> What the task requires: Once you find the line with "a bathroom with" in the data below, transcribe exactly each line from there to the line with "Un mur de pierre", inclusive, and nothing else. Drop the pictures.

> Entries supplied:

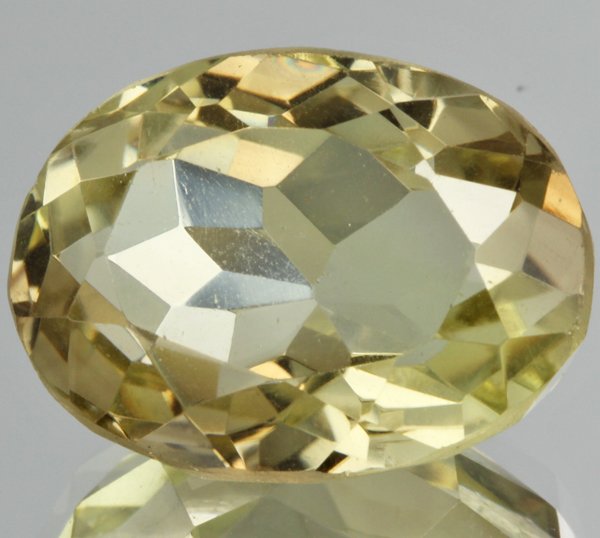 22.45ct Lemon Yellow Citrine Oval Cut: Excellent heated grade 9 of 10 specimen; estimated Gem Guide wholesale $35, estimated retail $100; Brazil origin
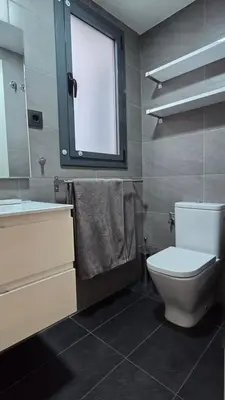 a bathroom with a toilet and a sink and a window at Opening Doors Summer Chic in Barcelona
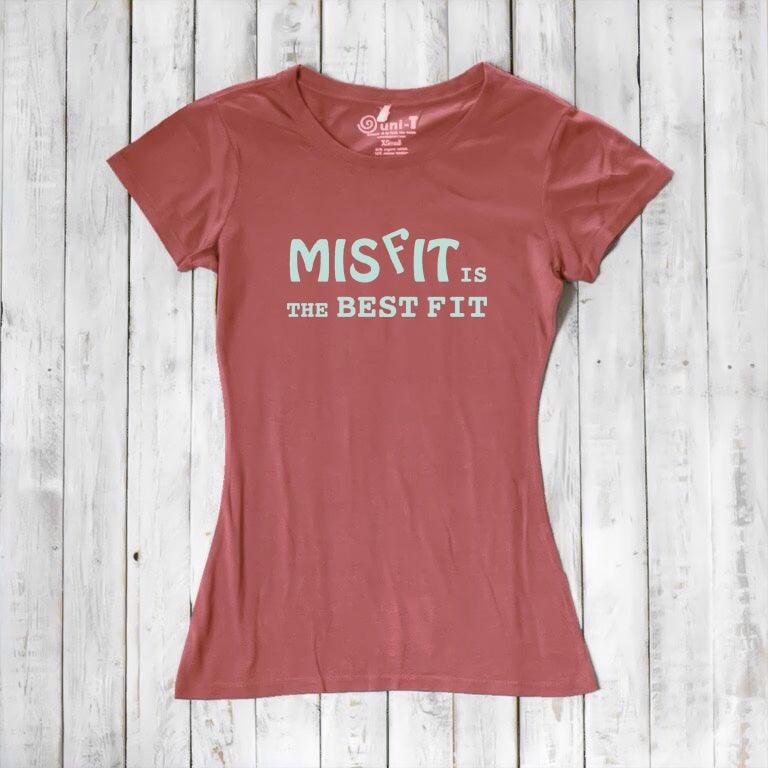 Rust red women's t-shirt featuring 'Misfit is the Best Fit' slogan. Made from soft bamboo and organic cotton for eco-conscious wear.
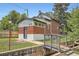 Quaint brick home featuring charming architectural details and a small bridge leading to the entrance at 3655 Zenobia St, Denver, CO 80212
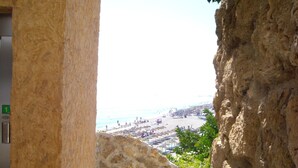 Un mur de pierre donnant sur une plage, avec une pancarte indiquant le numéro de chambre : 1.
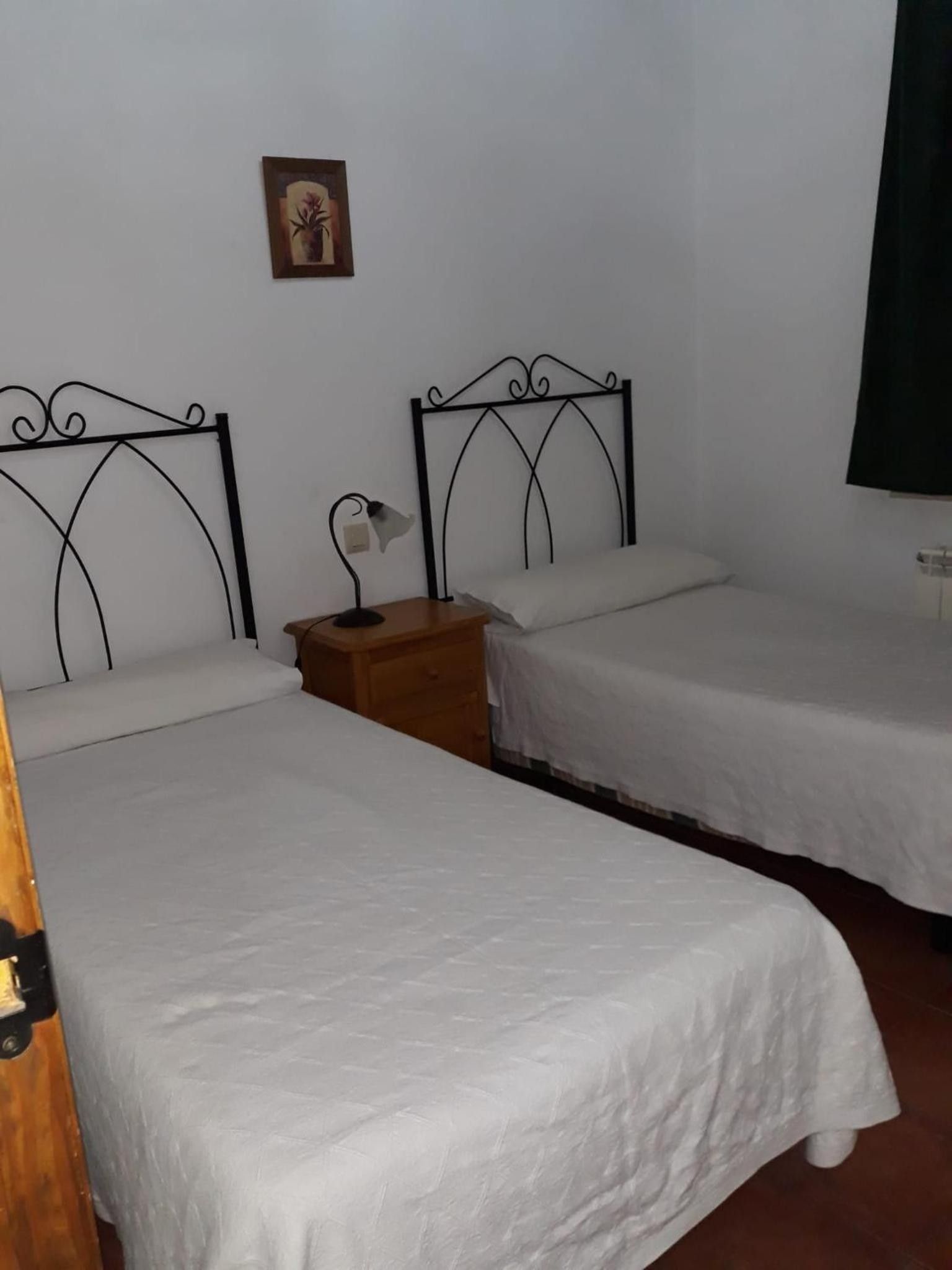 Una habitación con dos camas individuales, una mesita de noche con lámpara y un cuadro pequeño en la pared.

* * *

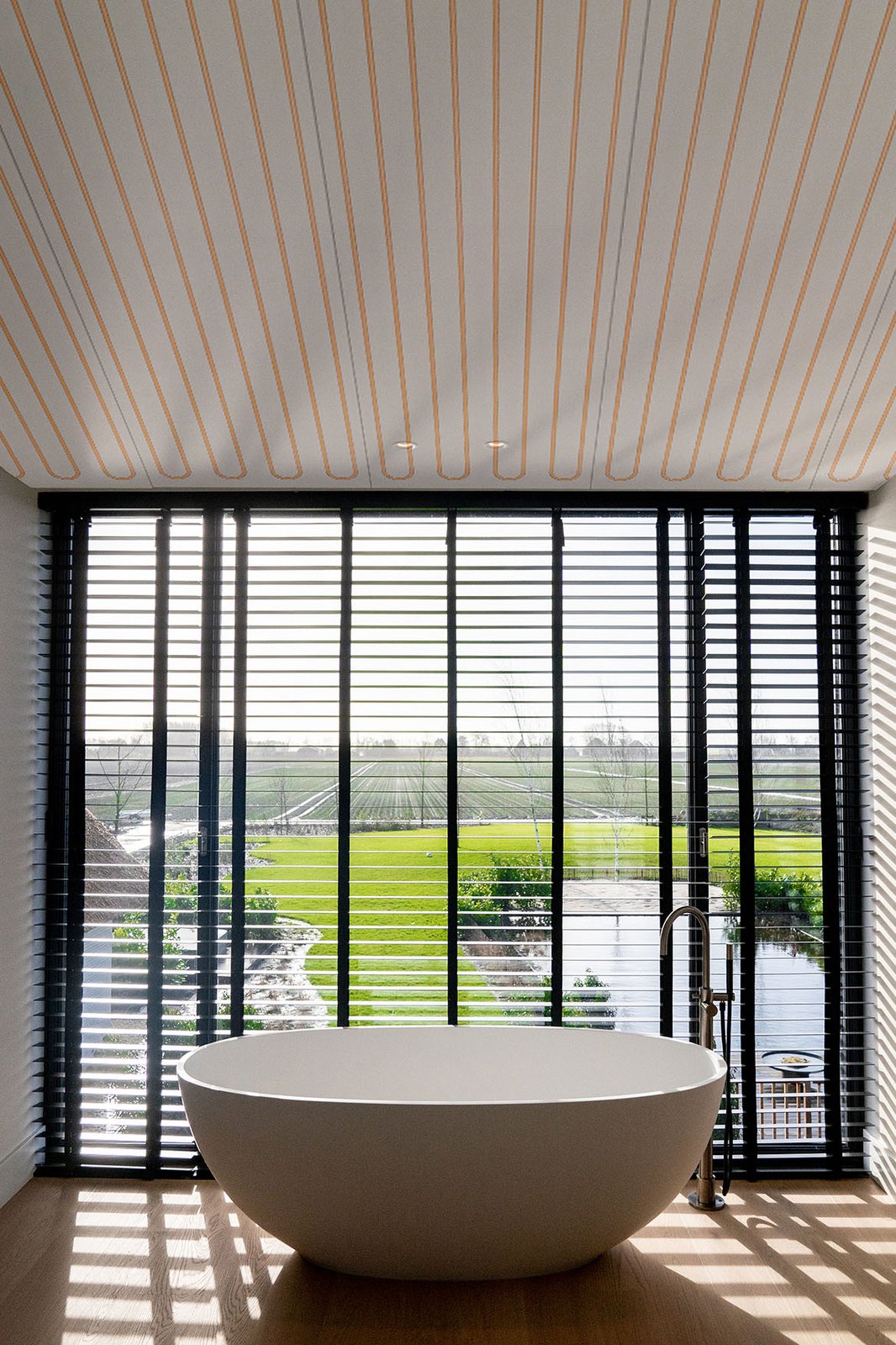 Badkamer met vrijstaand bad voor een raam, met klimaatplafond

--

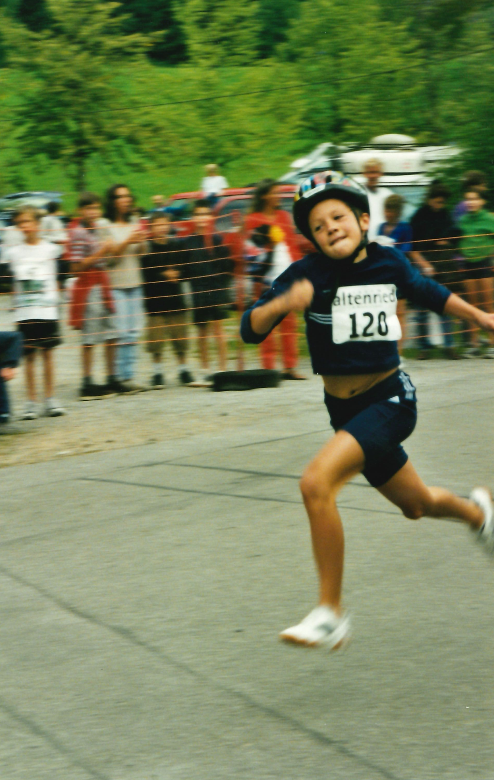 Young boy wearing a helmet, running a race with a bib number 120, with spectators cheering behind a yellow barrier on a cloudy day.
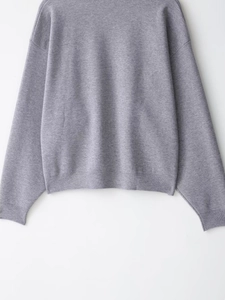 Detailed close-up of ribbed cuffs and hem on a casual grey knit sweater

> Written answer:
 a bathroom with a toilet and a sink and a window at Opening Doors Summer Chic in Barcelona
 Rust red women's t-shirt featuring 'Misfit is the Best Fit' slogan. Made from soft bamboo and organic cotton for eco-conscious wear.
 Quaint brick home featuring charming architectural details and a small bridge leading to the entrance at 3655 Zenobia St, Denver, CO 80212
 Un mur de pierre donnant sur une plage, avec une pancarte indiquant le numéro de chambre : 1.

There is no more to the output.